Her şey altüst! Her şeyin içi boşaltıldı.
Bir sosyal medya platformunda karşıma çıkan örnek mesela: Takkeli abi, şeyhim dediği bir başka takkeli ve onun yanındaki takkeli asansöre binmiş.
(Hey, sen laikçi! Asansör denince bildiğin asansör mü geldi aklına. Takkeli deyince anında anlayacaksın, bu “manevi asansör”. )
Neyse.. Çıkmışlar arş-ı alaya. Neresiyse artık, bir yerde oturmuşlar. Derken, bulutların arasından nurlu bir el çıkmış. Uzatmayayım, her takkeliye birer fincan kahve ikram etmiş. Kimin eli miymiş? Sormanız hata. Arş-ı ala diyoruz! Elbette bizzat Allah ikram etmişmiş kahveleri.
İzlerken düşünüyorsunuz. Bu adamlar bu kadar aptal ve cahil olabilir mi? Yoksa seni (yani karşısındakini) aptal yerine mi koyuyor?
Yanıtın bir önemi yok aslında.
Kıyafetlerinden ahlak anlayışlarına.. Kadın düşmanlıklarından lüks tutkularına.. Tuhaf.. Tarifi zor.. Belki “LÜMPEN SİYASİ İSLAMCI” diyebileceğimiz bir kitle yarattılar.
Yoksa.. İktidarın, günü geldiğinde sokağa salacağı “canavar” mı demeliyiz!
Zira, sosyal medyayı müsilaj gibi istila ederek vahim tehditler savuruyorlar: Laik, demokrat, cumhuriyetçi, Atatürkçü iseniz “kafirsiniz”.. Cümlenin gerisini getirmelerine gerek yok: Katliniz vaciptir.
*. *. *
Bunları yazmamın nedeni, takkeli cahil lümpenler diyarını yönetenlerden birini paylaşmak.
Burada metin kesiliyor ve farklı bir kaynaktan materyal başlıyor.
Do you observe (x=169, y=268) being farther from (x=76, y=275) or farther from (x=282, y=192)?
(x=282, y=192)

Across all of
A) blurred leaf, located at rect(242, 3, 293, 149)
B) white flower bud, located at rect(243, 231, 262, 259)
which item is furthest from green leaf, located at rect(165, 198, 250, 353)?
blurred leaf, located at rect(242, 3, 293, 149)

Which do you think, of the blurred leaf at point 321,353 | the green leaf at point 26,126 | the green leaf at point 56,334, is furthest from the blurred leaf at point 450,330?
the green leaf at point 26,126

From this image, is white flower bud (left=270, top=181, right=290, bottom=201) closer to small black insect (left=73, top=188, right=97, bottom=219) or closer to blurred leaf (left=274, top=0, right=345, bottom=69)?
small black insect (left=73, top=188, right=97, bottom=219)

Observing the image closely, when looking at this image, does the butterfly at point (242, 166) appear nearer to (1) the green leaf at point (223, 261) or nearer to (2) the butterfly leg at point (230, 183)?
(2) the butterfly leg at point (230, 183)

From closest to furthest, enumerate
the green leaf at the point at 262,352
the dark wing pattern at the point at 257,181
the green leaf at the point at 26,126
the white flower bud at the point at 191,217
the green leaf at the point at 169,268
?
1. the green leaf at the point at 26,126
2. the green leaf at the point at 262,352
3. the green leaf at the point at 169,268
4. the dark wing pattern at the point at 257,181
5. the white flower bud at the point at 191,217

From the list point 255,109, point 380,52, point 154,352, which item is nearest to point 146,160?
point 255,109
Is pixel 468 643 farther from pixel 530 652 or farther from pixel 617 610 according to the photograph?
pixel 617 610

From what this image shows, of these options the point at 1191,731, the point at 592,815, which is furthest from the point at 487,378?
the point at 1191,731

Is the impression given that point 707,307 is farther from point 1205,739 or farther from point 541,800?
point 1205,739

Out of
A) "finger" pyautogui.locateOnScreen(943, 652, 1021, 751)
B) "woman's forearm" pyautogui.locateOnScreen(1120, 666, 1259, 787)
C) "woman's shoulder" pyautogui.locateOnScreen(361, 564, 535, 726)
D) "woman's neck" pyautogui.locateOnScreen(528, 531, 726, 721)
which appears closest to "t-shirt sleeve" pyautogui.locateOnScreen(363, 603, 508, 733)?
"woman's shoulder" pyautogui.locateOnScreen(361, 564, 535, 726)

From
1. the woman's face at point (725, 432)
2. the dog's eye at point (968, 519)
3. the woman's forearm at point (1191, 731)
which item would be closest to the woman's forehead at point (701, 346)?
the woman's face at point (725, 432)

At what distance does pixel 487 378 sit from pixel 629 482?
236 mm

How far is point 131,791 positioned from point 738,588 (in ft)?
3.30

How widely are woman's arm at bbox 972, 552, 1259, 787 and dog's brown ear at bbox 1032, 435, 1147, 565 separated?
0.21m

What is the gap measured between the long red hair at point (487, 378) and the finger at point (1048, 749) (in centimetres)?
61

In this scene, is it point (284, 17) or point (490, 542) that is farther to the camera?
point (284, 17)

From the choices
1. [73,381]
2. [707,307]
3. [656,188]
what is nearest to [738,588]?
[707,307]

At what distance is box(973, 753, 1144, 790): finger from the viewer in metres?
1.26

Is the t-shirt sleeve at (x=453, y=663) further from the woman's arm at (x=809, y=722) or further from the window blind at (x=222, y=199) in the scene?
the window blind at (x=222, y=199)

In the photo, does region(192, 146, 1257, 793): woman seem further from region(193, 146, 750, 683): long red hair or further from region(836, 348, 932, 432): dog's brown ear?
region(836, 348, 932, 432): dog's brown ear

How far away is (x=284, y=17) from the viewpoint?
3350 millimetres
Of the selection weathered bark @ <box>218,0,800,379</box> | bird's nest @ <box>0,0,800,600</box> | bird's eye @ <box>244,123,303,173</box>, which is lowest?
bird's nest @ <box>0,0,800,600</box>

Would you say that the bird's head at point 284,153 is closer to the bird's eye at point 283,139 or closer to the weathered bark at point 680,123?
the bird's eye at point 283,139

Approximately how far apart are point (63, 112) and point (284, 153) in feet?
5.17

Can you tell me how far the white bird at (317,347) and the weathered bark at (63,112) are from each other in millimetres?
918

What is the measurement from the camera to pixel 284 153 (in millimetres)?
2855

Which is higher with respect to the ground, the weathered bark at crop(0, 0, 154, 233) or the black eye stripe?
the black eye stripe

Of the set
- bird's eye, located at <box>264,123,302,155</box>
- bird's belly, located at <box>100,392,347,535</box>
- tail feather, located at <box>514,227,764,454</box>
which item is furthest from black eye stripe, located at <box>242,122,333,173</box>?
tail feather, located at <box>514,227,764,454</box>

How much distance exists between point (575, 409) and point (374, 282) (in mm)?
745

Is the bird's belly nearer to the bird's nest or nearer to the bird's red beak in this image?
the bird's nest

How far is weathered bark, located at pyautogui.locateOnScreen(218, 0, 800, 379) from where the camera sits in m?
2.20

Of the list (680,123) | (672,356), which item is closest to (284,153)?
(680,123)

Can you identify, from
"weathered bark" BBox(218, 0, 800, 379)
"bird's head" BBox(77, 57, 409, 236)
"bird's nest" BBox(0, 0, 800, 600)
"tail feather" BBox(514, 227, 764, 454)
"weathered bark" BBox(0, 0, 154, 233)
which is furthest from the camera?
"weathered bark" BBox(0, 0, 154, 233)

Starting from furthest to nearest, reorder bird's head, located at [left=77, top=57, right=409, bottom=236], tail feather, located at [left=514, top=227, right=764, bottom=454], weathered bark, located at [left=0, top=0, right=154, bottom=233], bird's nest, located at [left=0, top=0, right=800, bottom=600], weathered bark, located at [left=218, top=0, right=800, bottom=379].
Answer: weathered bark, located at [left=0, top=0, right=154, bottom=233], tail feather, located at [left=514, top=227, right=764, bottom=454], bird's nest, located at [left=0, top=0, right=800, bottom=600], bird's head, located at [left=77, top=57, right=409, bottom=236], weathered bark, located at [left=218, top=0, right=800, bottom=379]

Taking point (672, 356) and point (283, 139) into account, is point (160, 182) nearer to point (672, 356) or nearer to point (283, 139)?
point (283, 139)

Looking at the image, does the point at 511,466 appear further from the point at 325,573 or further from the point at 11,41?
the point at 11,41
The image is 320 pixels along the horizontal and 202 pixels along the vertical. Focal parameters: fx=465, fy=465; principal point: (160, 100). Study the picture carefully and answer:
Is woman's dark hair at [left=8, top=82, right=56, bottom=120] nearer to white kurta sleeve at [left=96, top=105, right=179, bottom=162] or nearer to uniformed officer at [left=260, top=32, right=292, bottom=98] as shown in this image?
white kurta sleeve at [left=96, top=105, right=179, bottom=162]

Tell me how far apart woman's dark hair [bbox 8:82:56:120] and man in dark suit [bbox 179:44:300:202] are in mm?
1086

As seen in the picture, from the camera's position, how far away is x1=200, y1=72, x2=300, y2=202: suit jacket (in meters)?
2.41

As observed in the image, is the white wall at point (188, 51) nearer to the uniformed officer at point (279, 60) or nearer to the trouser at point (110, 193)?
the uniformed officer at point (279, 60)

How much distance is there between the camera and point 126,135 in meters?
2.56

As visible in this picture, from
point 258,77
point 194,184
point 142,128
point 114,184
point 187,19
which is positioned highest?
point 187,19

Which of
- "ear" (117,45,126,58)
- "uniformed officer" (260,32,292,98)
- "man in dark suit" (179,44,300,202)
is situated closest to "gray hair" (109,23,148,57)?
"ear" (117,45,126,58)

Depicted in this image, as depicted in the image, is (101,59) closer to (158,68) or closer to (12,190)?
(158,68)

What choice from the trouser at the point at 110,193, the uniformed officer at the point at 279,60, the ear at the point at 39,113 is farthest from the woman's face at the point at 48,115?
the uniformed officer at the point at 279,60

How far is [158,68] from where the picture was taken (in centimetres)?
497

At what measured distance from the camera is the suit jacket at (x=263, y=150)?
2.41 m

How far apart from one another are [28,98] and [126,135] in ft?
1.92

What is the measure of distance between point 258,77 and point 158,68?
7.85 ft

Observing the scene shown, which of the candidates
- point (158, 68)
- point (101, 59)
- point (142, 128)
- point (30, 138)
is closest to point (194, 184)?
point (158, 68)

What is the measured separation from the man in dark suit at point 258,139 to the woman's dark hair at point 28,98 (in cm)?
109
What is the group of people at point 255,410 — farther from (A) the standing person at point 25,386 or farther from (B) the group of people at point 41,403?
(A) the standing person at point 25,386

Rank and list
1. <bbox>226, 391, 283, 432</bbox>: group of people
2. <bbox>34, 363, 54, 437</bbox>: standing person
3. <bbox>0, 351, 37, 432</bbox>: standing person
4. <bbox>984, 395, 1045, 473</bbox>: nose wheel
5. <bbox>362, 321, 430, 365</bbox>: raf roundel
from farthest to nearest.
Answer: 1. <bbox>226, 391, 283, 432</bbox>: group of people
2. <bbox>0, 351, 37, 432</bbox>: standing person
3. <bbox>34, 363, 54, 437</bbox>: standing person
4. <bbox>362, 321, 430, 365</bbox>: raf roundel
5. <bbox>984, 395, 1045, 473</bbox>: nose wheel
Biliyorsunuz, üç hafta kadar önce Gebze’de bir apartman yıkıldı. Beş kişilik aileden ikisi çocuk 4 kişi enkaz altında kalarak hayatını kaybetti.
Gazeteci Alican Uludağ, ilk günden itibaren takipçisi olduğu trajik olayı nihayet Meclis’te muhatabına sorma fırsatını yakalamış:
“Ulaştırma ve Altyapı Bakanı Abdulkadir Uraloğlu'na, Gebze'de 4 kişinin öldüğü bina çökmesinin metro kaynaklı olup olmadığını bizzat sordum. Bakan Uraloğlu; "Sen kim oluyorsun da bana bunları soruyorsun" diye yanıt verdi. "Gazeteci kimliğimle soruyorum" dedim. Bakan açık soruları yanıtlamadı.”
Alican kusura bakmasın ama, memleket (yani Reis ve biraderleri) gazetecilerden çektiğini kimseden çekmedi.
Gazeteci dediğin, uçak fotoğraflarına bakınca zaten apaçık görüldüğü üzere, her şeyi soramaz. Hatta “sor” denileni bile ancak yeri ve zamanı gelince sorar.
İkinci kez okuyacaklardan özür dilerim ama yazmadan edemeyeceğim!
Yıllar önce.. Erdoğan Bulgaristan Başbakanını ağırlıyor. Genellikle olduğu gibi iki isim daha sonra gazetecilerin karşısına geçiyor. Sorular, hamaset yüklü yanıtlar.. Derken, ya Anadolu Ajansı ya da TRT muhabiri Erdoğan’a bir soru yöneltiyor. Ama Erdoğan gülmeye başlayıp, “o soru bana değil değerli konuğuma sorulacaktı, sen yanlış anlamışsın” diyor.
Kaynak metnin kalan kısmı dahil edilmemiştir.